TUESDAY, SEPTEMBER 02, 2014
|
No cheating on education reform

Failure is not an option: Thailand's future peace and prosperity depend on a thorough, broad-ranging and sustainable overhaul

Witnessing governments come and go, we have lost count of how many failed to lay the proper foundations for the education of our youth. But we can wait no longer for education reform if we want to stay competitive as a country. Moreover, all parties agree that education can play a vital role in the reconciliation process to end years of political conflict. 
The question now is how we progress under the new government.
There are encouraging signs. Education has received the biggest slice of the annual national budget – 20 per cent of the Bt502 billion total. However, funding is seen as the least of its problems. The Thailand Development Research Institute (TDRI) points out that the Education Ministry’s budget has doubled during the last decade. The problems with the education system don’t stem from a lack of resources, but rather from their inefficient use. The TDRI study suggests that, rather than focusing on one or two areas, such as the curriculum or reduction of study time, reforms should be comprehensive, addressing all aspects of the system. 
General Narong Pipathanasai, the newly appointed minister, can kick-start the process by following the ministry’s education-reform proposal for 2015-2016. But he and Prime Minister Prayuth Chan-ocha must heed the TDRI’s recommendations if they want to avoid failure. The ministry has proposed a phase-by-phase process, while the TDRI has underscored the need for simultaneous implementation of reform for all aspects of the education system.
The resources are in place and so is the information. The biggest challenge now is the execution. The ministry must realise that whatever action it takes will have a longstanding impact. What Thailand needs now is long-term and sustainable reform. The country can no longer afford periods of trial and error. General Prayuth’s proposals for improving the curriculum and reducing study hours may be good, but his ideas must not be permitted to overshadow the wider reform picture.
Problems that need to be addressed are deep-seated and have accumulated through years of neglect and mismanagement. The quality of teaching, to name just one, must be addressed through raising standards for those hired to teach, tackling their debt problems and solving teaching shortages. And all this at the same time. 
Only through such a holistic approach can we create strong foundations to guarantee that future generations get a “world-class” education. 
Past governments have left a trail of failure.

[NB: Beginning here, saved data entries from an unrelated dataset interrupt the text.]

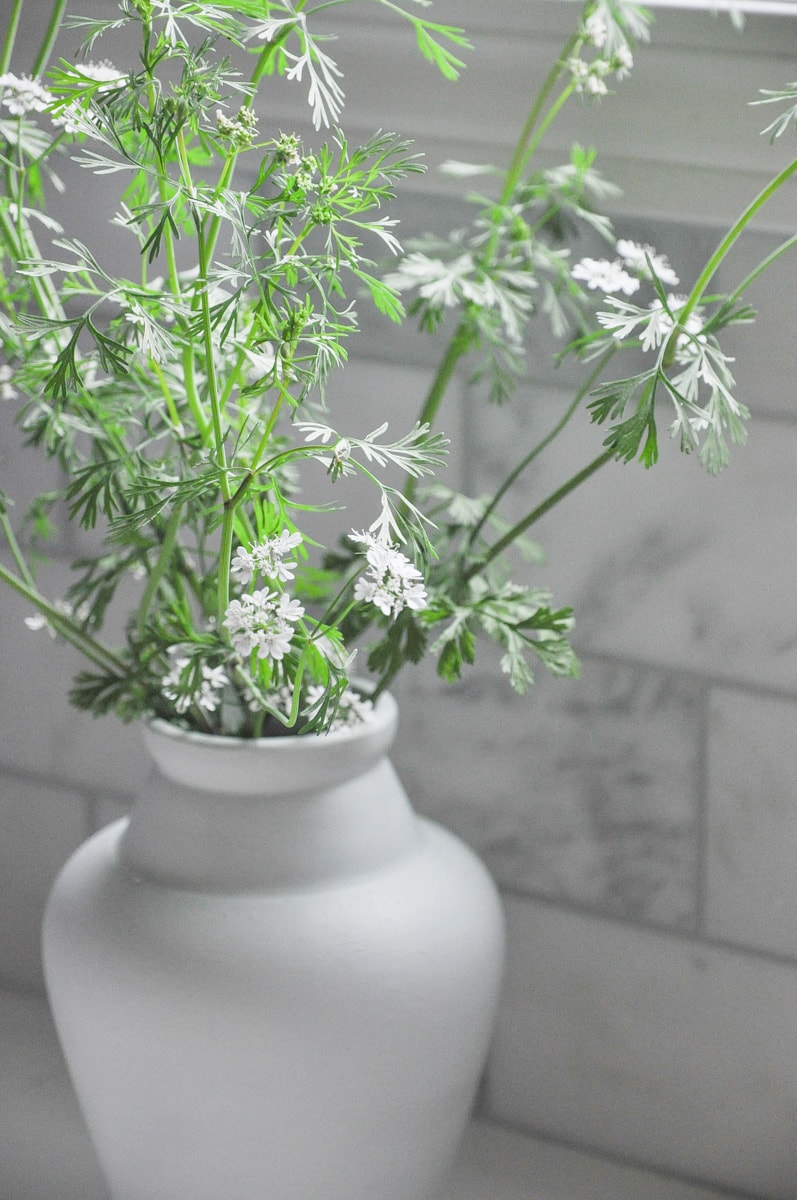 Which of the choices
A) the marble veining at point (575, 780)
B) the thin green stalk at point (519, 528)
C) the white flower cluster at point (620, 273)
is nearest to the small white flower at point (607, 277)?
the white flower cluster at point (620, 273)

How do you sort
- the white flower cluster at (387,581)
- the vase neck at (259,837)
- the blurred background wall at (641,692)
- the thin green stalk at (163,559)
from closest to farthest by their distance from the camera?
1. the white flower cluster at (387,581)
2. the thin green stalk at (163,559)
3. the vase neck at (259,837)
4. the blurred background wall at (641,692)

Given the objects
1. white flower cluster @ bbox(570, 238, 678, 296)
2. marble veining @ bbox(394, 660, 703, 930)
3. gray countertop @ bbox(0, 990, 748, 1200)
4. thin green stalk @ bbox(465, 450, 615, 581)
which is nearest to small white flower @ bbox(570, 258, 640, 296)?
white flower cluster @ bbox(570, 238, 678, 296)

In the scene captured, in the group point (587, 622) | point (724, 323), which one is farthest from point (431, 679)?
point (724, 323)

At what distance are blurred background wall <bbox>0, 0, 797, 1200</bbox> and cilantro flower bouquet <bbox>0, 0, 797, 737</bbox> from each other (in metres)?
0.04

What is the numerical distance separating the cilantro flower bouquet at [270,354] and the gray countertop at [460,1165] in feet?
1.60

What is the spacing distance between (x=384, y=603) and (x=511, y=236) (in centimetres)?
40

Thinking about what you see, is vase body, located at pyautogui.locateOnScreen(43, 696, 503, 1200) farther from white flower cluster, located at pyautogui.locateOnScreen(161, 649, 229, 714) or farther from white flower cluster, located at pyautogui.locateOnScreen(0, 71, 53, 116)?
white flower cluster, located at pyautogui.locateOnScreen(0, 71, 53, 116)

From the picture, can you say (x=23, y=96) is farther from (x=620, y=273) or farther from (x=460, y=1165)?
(x=460, y=1165)

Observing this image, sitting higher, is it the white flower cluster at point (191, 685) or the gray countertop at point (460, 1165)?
the white flower cluster at point (191, 685)

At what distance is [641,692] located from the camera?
108 centimetres

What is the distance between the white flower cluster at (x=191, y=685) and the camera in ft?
2.52

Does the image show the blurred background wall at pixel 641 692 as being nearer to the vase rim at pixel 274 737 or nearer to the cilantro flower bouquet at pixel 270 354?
the cilantro flower bouquet at pixel 270 354

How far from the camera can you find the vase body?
0.85m

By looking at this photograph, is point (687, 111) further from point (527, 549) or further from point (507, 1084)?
point (507, 1084) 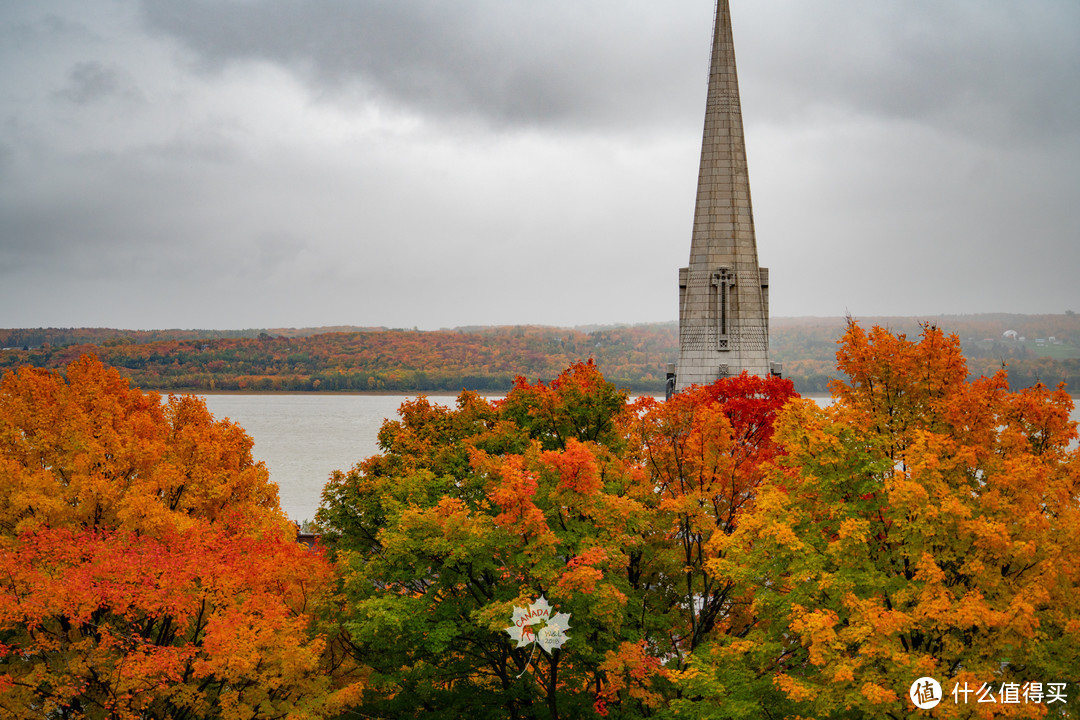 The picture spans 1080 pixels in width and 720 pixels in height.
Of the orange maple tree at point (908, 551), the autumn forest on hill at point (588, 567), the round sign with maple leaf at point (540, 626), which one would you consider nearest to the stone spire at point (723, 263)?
the autumn forest on hill at point (588, 567)

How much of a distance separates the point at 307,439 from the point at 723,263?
55.3 m

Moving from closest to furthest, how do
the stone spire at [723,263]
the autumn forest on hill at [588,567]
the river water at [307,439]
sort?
the autumn forest on hill at [588,567] → the stone spire at [723,263] → the river water at [307,439]

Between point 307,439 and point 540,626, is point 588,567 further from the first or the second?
point 307,439

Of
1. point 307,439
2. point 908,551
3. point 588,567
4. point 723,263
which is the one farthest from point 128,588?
point 307,439

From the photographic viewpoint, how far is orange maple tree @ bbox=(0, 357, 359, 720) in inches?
598

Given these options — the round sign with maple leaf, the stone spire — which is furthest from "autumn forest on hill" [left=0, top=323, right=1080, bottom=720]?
the stone spire

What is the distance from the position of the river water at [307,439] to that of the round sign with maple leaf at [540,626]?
71.8ft

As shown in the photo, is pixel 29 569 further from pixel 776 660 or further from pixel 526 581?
pixel 776 660

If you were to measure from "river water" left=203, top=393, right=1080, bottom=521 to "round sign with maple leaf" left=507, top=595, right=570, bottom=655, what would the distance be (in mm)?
21887

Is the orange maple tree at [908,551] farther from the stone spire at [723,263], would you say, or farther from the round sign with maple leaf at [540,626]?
the stone spire at [723,263]

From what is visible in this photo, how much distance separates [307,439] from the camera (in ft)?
256

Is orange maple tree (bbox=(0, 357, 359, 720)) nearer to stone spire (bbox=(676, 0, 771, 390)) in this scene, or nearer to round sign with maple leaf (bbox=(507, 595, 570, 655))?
round sign with maple leaf (bbox=(507, 595, 570, 655))

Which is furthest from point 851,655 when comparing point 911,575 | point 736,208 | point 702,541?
point 736,208

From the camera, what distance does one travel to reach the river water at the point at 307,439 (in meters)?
50.8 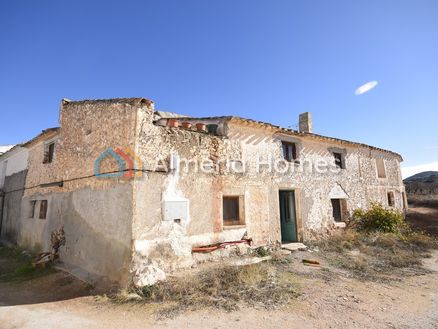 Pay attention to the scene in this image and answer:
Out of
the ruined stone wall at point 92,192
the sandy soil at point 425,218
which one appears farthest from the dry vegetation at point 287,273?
the sandy soil at point 425,218

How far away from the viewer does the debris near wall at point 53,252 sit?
7777mm

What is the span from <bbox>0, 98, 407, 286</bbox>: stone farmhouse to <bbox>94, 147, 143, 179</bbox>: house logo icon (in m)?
0.03

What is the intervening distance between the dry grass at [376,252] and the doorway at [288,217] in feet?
3.98

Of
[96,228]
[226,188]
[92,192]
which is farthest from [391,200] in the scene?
[92,192]

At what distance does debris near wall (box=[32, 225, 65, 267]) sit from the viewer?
778 centimetres

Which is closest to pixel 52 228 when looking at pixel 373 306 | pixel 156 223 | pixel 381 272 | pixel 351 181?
pixel 156 223

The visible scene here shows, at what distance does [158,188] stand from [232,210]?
326 centimetres

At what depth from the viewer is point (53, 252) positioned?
26.3 ft

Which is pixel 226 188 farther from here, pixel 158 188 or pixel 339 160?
pixel 339 160

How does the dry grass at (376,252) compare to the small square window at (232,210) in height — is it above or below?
below

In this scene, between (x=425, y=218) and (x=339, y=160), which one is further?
(x=425, y=218)

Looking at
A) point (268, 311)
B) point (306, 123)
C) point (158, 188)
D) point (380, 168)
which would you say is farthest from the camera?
point (380, 168)

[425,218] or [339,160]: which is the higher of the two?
[339,160]

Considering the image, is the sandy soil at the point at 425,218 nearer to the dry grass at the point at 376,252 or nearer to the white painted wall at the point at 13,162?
the dry grass at the point at 376,252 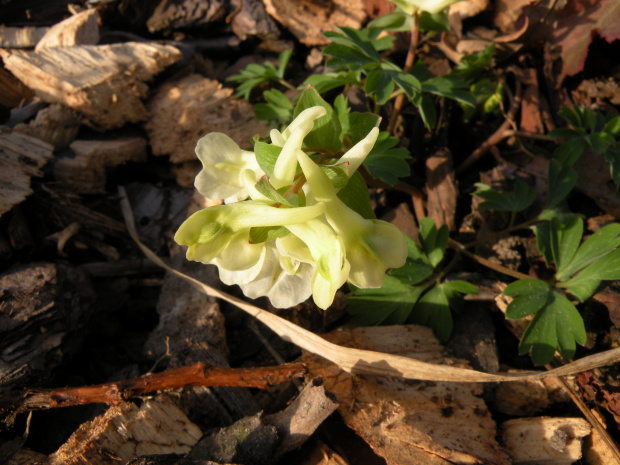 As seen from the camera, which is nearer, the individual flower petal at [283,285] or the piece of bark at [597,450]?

But the mistakes provide lessons: the universal free-education scheme that failed to deliver, the free tablet computers that didn’t improve learning, the central assessment tests and admission policies that kept changing and left students and parents confused. 
The latest reform process must address all the problems with a sustainable plan that remains in place long enough to bring real, positive change. Students can no longer be used as guinea pigs in trial-and-error experiments. Thailand can’t afford to lag behind as our neighbours overhaul their education systems to compete in an evermore-interconnected world of trade and commerce. Our military government has the advantage in being able to implement its plan with little or no opposition. But such authority could be a double-edged sword: launching reform without checks or proper review could be a misstep that lands education back in the last decade.
We have arrived at a new beginning amid a becalmed political environment. There can be no excuse for our new government: it must present us with education reform that improves the lives of Thailand’s 400,000 teachers and millions of students once and for all.